Action item >> Repeat the data that follows exactly, starting at the line with "Where is the" and ending at the line with "Thank you for making", and leave out every picture.

Available records >>
▼▼▼

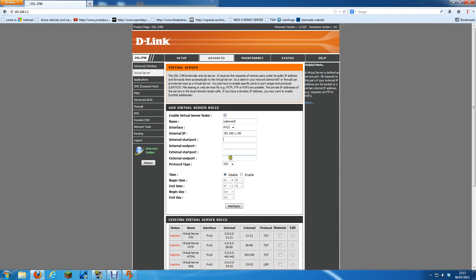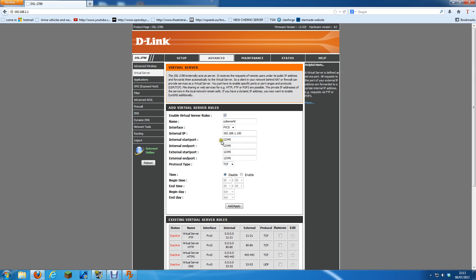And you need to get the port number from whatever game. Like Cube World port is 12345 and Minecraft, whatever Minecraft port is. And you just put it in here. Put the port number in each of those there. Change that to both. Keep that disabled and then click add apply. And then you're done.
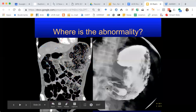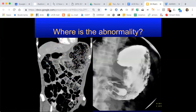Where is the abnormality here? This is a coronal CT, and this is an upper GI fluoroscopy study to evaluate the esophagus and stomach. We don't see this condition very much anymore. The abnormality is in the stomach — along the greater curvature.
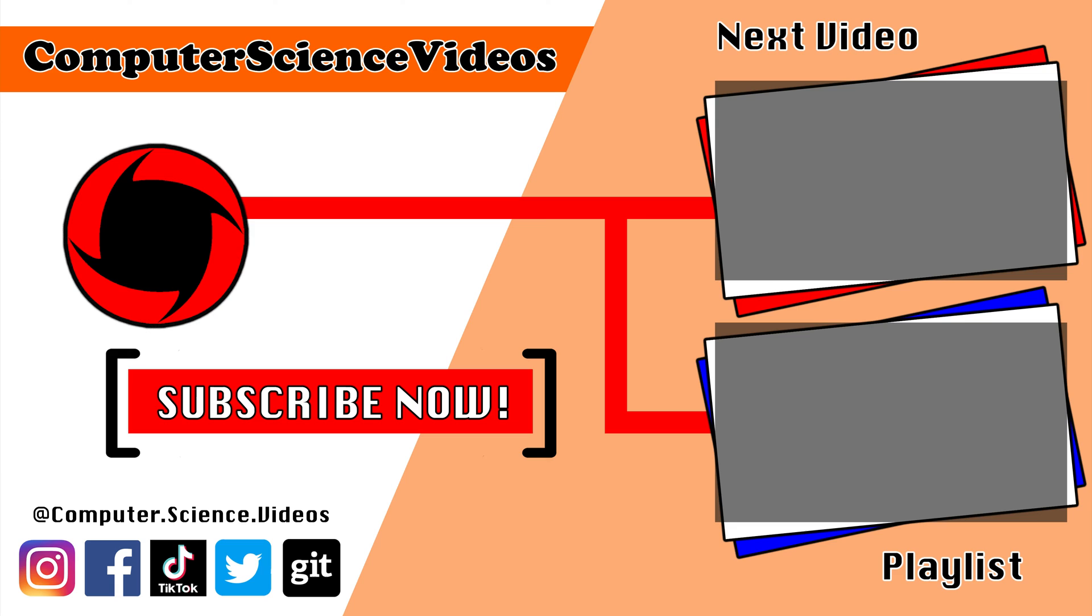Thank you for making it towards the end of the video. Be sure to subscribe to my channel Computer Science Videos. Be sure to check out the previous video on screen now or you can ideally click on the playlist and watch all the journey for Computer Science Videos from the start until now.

▲▲▲
▼▼▼

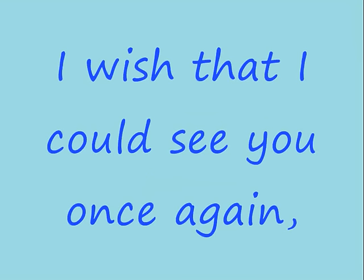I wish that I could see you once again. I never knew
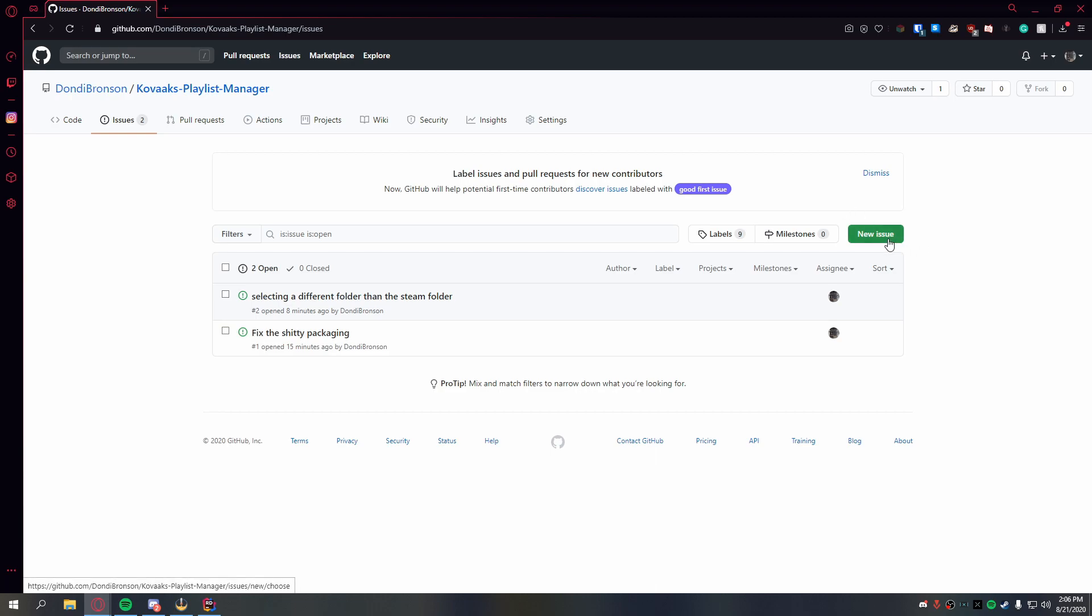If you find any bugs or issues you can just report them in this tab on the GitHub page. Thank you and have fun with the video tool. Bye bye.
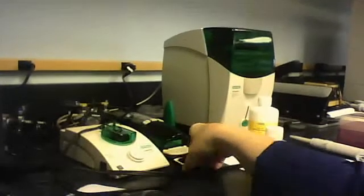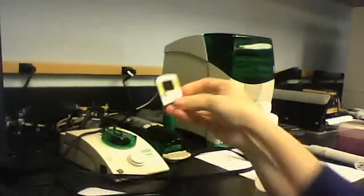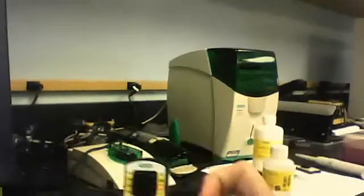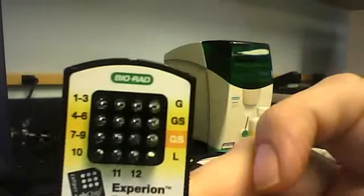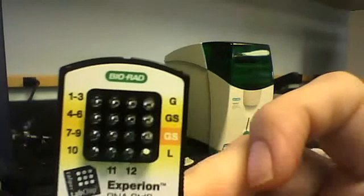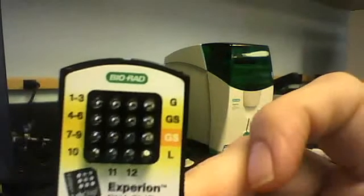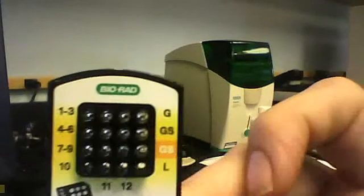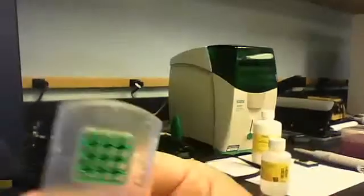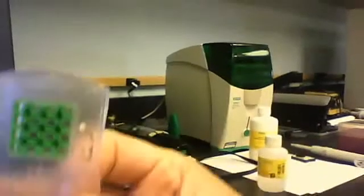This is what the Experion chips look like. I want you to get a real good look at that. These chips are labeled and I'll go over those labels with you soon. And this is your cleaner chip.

▲▲▲
▼▼▼

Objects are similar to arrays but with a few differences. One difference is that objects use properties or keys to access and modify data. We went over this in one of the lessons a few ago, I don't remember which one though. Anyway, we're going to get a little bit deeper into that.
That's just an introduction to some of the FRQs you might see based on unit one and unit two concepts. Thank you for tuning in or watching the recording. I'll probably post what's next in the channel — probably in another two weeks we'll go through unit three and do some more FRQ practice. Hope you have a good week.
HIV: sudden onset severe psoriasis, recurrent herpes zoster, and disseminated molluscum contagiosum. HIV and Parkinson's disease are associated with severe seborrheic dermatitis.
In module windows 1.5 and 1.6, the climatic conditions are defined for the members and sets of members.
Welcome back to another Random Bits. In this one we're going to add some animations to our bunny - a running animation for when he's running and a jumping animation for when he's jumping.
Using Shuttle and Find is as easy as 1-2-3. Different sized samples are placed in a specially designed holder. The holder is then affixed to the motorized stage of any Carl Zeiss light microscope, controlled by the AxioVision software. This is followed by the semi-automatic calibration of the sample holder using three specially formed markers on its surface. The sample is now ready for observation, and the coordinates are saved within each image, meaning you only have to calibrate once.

▲▲▲

Answer to this task >>
Where is the abnormality here? This is a coronal CT, and this is an upper GI fluoroscopy study to evaluate the esophagus and stomach. We don't see this condition very much anymore. The abnormality is in the stomach — along the greater curvature.
Thank you for making it towards the end of the video. Be sure to subscribe to my channel Computer Science Videos. Be sure to check out the previous video on screen now or you can ideally click on the playlist and watch all the journey for Computer Science Videos from the start until now.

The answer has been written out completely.